Citibank Not Worried With Slew Of New Digital Banks Popping Up In Hong Kong
Hong Kong and Mainland China have recently seen a boom in new digital banking firms, with large tech companies now establishing their own brands that offer digital banking services. The pioneer in internet banking in Hong Kong, Citigroup, revealed that it was not fazed by the new trend as its own digital services still remain to be very competitive despite the added competition.
According to the bank's Hong Kong and Macau chief executive, Angel Ng Yin-yee, Citibank currently offers all types of online banking services being offered by the new startups. For this reason, Citigroup had decided not to apply for a virtual bank license as it already has existing online services available.
Citibank does have a big advantage over these startups as it does have a good number of brick-and-mortar locations.
Ng explained that their customers have the option of either going to their branches or using their digital services, an option virtual banks do not have. The licenses issued by regulators to the new digital banks only allow the firms to operate their businesses online. This means that the firms can only operate via their websites or through mobile apps.
Hong Kong banking regulators recently issued eight new virtual banking permits to new firms backed by some of the world's largest tech conglomerates. These eight new banks add to the already 160 licensed banks operating in Hong Kong.
The most recent licenses were awarded by the Hong Kong Monetary Authority (HKMA) to four virtual banks established by a trio of Chinese tech firms and even one that was backed by the city's own stock exchange operator,
Hong Kong Exchanges and Clearing Limited (HKEX). Other big name companies involved in the new digital banks include Ping An Insurance, Xiaomi, AMTD Group, Tencent Holdings, and the Industrial and Commercial Bank of China (ICBC).
Citigroup mentioned that the slew of new digital banks in the city may serve as a wakeup call for all traditional banks in Hong Kong. In order to remain relevant, banks should drastically improve their digital capabilities and services.

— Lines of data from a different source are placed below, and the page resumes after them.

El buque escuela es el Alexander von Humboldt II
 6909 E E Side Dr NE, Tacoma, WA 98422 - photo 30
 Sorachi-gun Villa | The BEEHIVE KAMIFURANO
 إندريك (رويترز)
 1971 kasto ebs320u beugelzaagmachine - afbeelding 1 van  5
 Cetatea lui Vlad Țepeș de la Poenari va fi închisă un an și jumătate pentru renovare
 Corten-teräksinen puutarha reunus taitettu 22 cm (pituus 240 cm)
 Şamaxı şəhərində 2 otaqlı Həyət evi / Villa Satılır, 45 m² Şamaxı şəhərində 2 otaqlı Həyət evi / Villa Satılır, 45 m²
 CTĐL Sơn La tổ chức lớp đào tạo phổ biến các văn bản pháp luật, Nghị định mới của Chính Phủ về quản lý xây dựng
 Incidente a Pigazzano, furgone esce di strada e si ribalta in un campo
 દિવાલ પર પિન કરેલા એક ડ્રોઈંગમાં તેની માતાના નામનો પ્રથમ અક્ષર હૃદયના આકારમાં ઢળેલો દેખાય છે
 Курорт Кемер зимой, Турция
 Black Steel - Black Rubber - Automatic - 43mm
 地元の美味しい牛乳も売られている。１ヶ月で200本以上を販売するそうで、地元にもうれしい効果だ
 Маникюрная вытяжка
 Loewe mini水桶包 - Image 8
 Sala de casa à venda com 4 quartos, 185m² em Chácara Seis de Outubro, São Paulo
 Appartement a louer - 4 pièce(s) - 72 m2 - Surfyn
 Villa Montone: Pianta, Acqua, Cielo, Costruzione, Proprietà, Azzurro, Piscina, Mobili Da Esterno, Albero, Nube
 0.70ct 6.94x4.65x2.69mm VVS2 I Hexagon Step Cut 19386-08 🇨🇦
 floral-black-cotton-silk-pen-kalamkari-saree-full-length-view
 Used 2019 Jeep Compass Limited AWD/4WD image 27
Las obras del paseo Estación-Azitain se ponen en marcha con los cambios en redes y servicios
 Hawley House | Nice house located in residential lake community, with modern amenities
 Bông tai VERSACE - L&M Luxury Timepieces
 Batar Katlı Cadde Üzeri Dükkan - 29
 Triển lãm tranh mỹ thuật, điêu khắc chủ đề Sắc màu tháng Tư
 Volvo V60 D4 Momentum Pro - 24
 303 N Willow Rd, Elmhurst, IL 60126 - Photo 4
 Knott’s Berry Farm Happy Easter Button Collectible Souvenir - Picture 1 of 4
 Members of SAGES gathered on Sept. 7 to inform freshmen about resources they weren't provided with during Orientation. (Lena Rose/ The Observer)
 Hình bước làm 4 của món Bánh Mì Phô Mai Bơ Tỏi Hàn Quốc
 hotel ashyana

This is especially true given that most customers are now transitioning into a digital lifestyle. Banks that do not adapt to this new trend will likely die off, as newer and more innovative banking options become available.
One of the ways that Citibank has been innovating is through its latest partnership with AAStocks.com last month. The partnership gave Citibank customers access to the site's vast financial data, which allows them to trade stocks via Citibank's online trading app.
This has allowed the bank to increase its bottom line through brokering trade transactions done through its platform.